Дед что-то ответил, я не разобрал, что. Лишь потом, много лет спустя, узнал, что у деда Максима, то бишь у прадеда, было два сына: Андрей, отец моего отца — мой настоящий дед! — и Семен. Бабка Маруся —
жена Семена, умершего в двадцать лет от тифа…Дом бабки Маруси — старая мелавка — оказался чистеньким, опрятным. Сама бабка — веселой и толстой.
Она без умолку говорила, пока мы хлебали щи; меня очень смешило, как она называла деда — «тятей». Потом — или выговорившись, или еще почему, — бабка Маруся вдруг сникла. Погладила меня по голове, вздохнула:
— Как время бежит, а? Вроде недавно папашка его — Ваня без штанишков бегал, а уже сын — гля какой. Охо-хо-шень-ки…
Из шкафчика, источенного шашелём, достала четвертинку, налила себе с дедом по стопке, «помянули Сеню». После водки бабка раскраснелась, сняла платок; дед посуровел, чапаевские усы его поникли.
— Давай споем, тять. Ту, что Сеня любил, — помнишь?
— Как же…
— Ты полынушка, полынка, — тоненько завела бабка Маруся.
— Полынь, трава го-орькая, — подхватил дед; я знал эту песню, тоже стал подпевать.
— Не сама ли ты, злодейка, Травка, уродилася, По зеленому лужочку, Травка, расселилася…Бабка выводила, закрыв глаза, застыв как на молитве; теряясь в морщинах, на дряблых щеках блестели дорожки.
— Что же вы плачете, бабушка? — перебил я песню. — Мы к вам в гости приехали, так хорошо сидим, поем, а вы плачете.
— Потому и плачу, деточка, потому и плачу, ангел ты мой светлый…
Потом я лежал на мягкой бабкиной постели, пахнущей камфорной растиркой и какими-то травами, — от стены тянуло прохладой, — лежал и слушал, о чем говорят старые.
— Как твои сыновья?
Сыновья у бабки Маруси от второго мужа, от Тихона, погибшего на войне.
— Грех жаловаться. Работящие, не пьют.
— Ну и слава богу. По нонешней жизни — это главное.
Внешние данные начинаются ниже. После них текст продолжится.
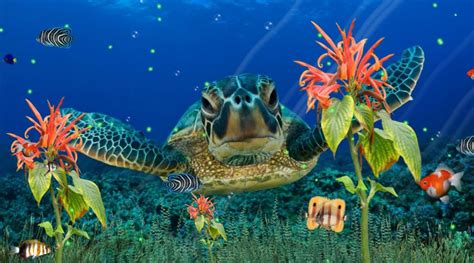 Wonderful Sea Life Aquarium Tropical 3d Screensaver Download Hrvatski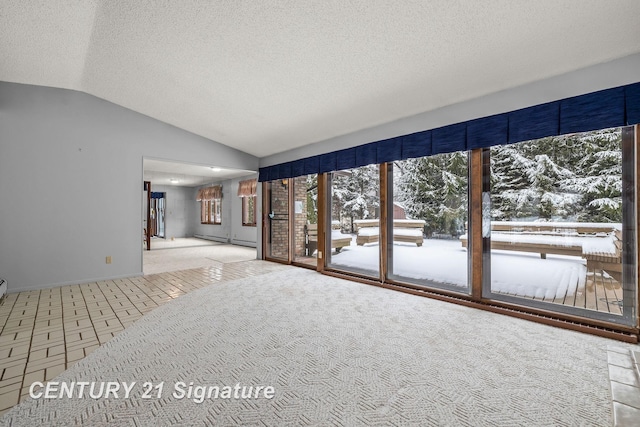 empty room with a textured ceiling, carpet, a healthy amount of sunlight, and lofted ceiling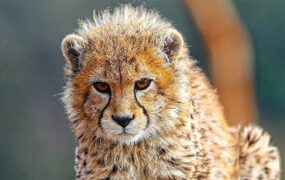 تصاویر جدید از پیروز
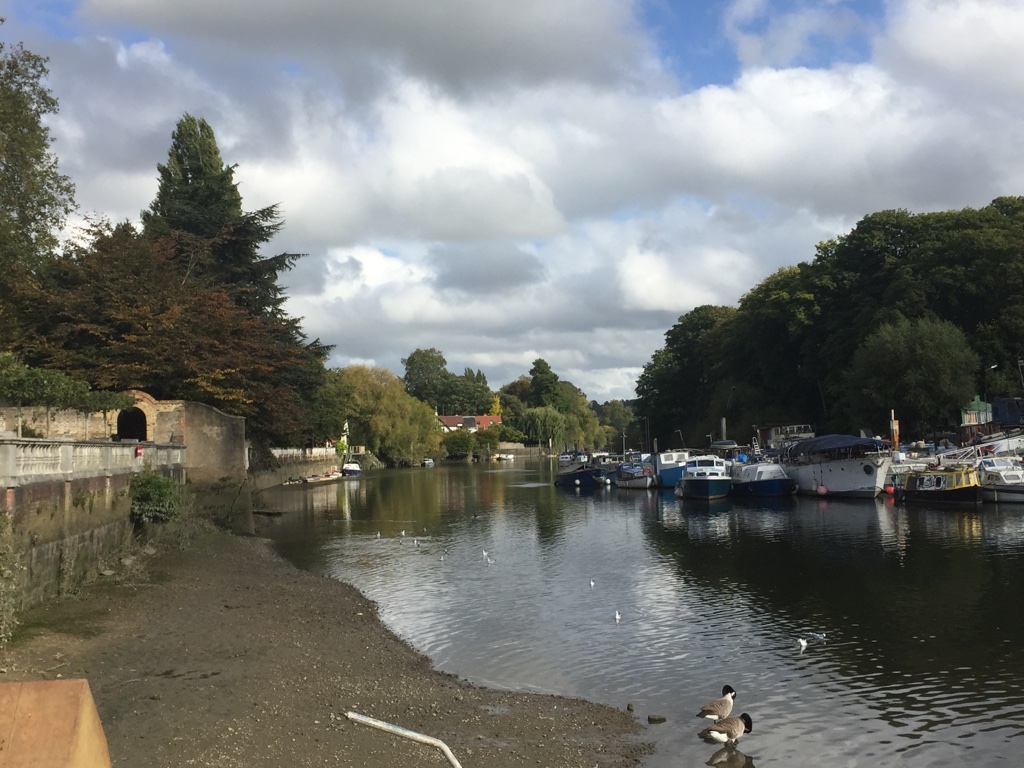 The River Thames, Twickenham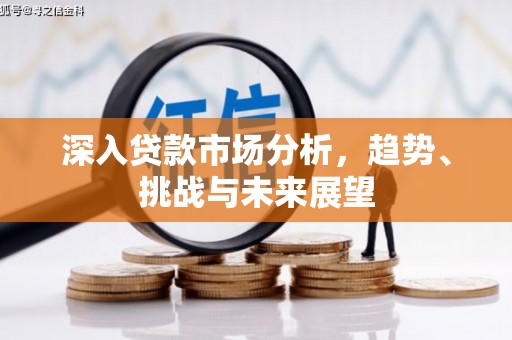 太康深入贷款市场分析，趋势、挑战与未来展望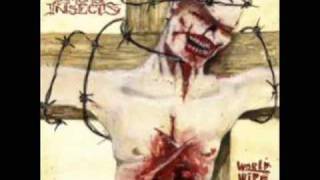 God Among Insects - Chainsawed Christians  HQ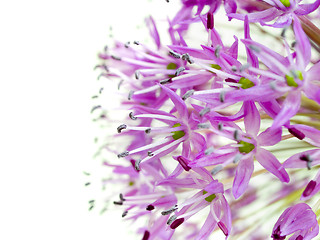 Image showing Allium Giganteum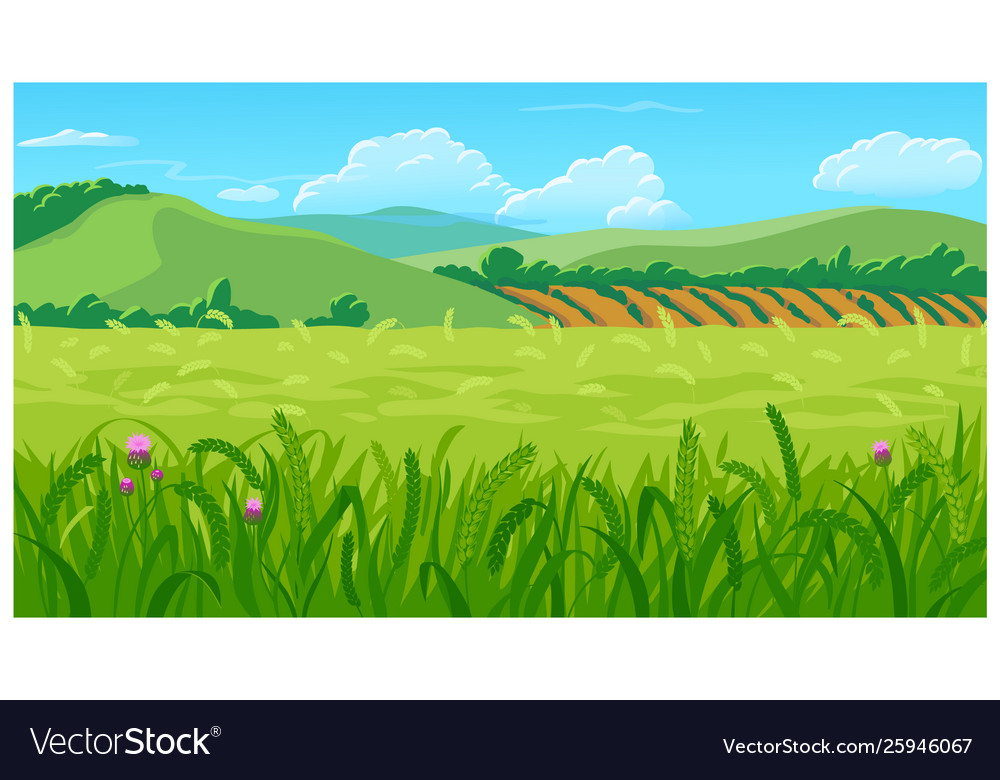 Summer field Royalty Free Vector Image - VectorStock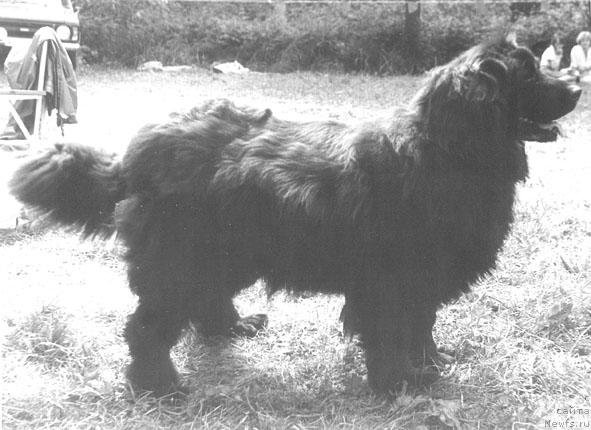 Фото: ньюфаундленд Simona (Симона)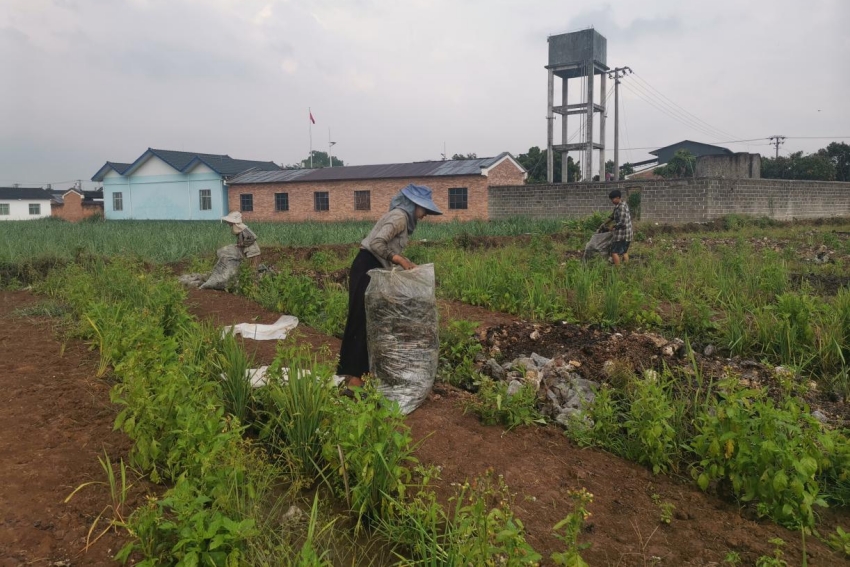 陇川：迅速抓整改 群众反映问题当天见行动 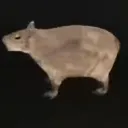 tanjirokamado8084 avatar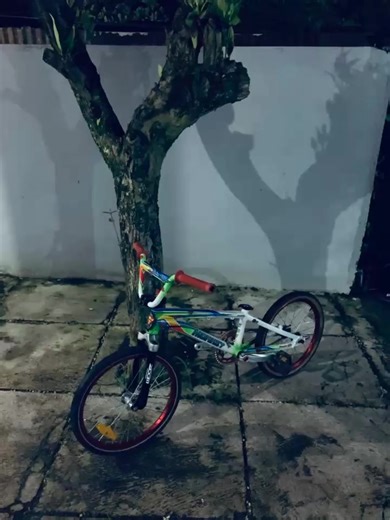 Exploring the Semarang Region: On The Road Adventures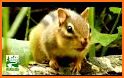 Chipmunks sounds for RINGTONES and WALLPAPERS related image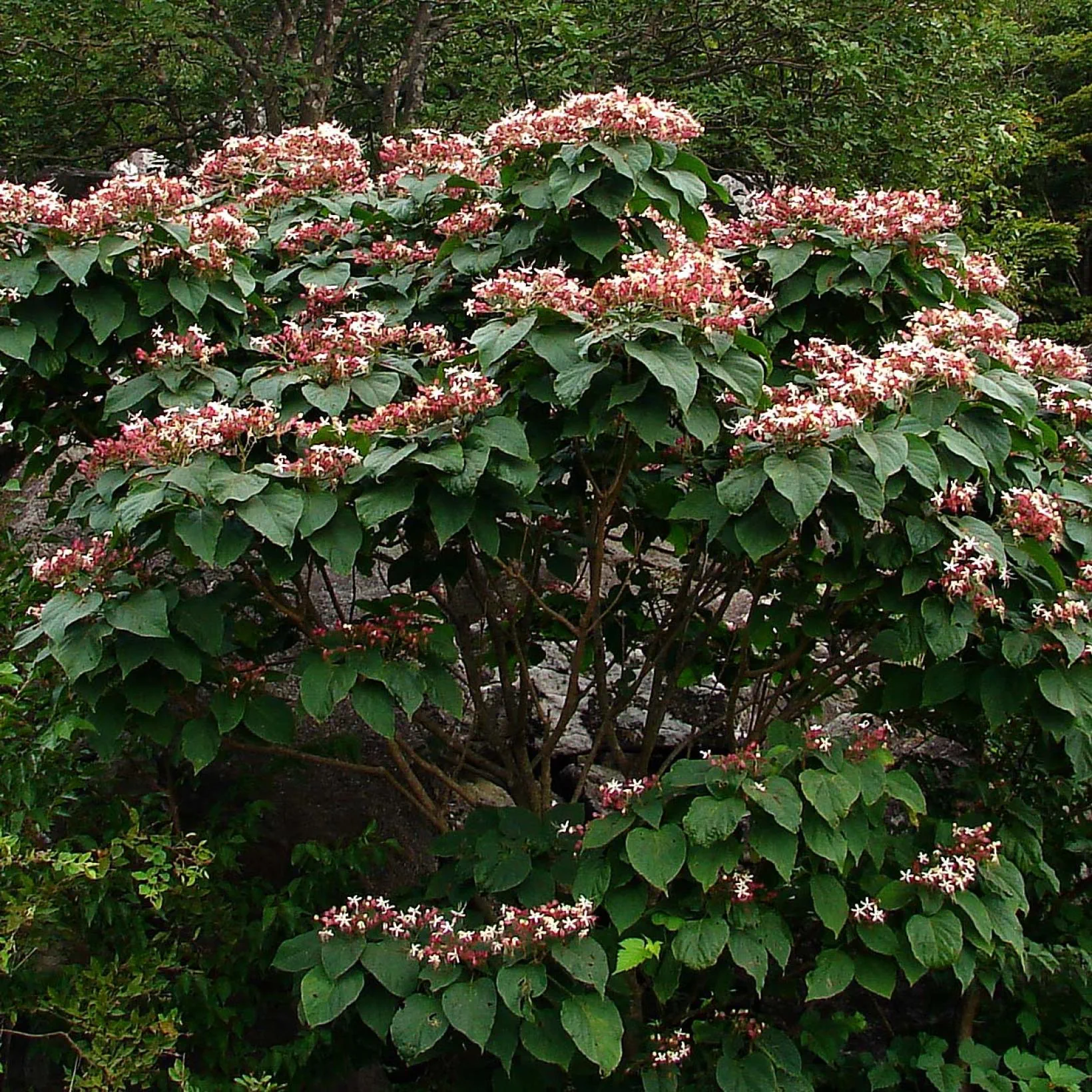Clerodendrum Trichotomum Clerodendron 9559 1 1
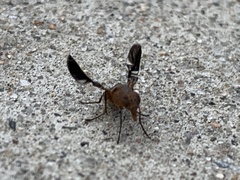 Delphinia picta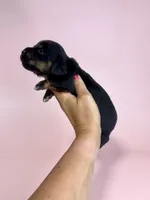 Callie, a  Miniature Dachshund for sale in Dora, MO – 2 of 3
— Младший, Коля, к себе зовет. Дом построил. На том месте, где Антон Блоха жил.
— А что Блоха? Разве умер?
— Куды умер! Если б умер! Жил не как люди и… застрелился, окаянный, прости его господи! Охо-хо-шеньки, страсть-то какая. Голова у него разболелась. Болит день, два, три — ничто не помогает. Озлился он — не любил ведь, когда что-нибудь не поддается, — ну и «полечил».
— Жаль. Какой мастер был! В чем хошь разбирался. Даже швейцарские часы чинил… Помнишь, какие я с германской принес?
— Как же! За мешок проса потом сменяли — помню, тятя…
Проснулся от духоты. Вместо перины почувствовал под собой сено; все тело в поту, одежда липнет. Открыл глаза и ослеп. Солнце кололо острыми пучками игл даже сквозь смеженные веки. Отвернувшись, посмотрел: где же мы стоим?
Мерин осторожно щипал сочную, жесткую, луговую траву. Дед, опустив в воду ноги, сидел на берегу речки.
Речка! Заросшая камышом и кугой, в зеленых блинах кувшинок, с рогозом и осокой, — речка! В нашем хуторе был только пруд, в котором водились затравленные утками лягушки да худосочные караси; всякую растительность — если она появлялась — съедали или затаптывали коровы, пившие из пруда воду. Речку я видел первый раз в жизни. Я кинулся в камыши, я носился по ним как угорелый. Речка! Как пахнет! Горько — кугой, терпко — тиной, нежно-сладко — пыльцой осота. А какие стрекозы! Глаза — как фонари! А там что? Ах, да это же утка с выводком! Быстро перебирая лапками, утята, комочки пуха, переплыли струю и проворно спрятались на том берегу. Речка! Настоящая речка!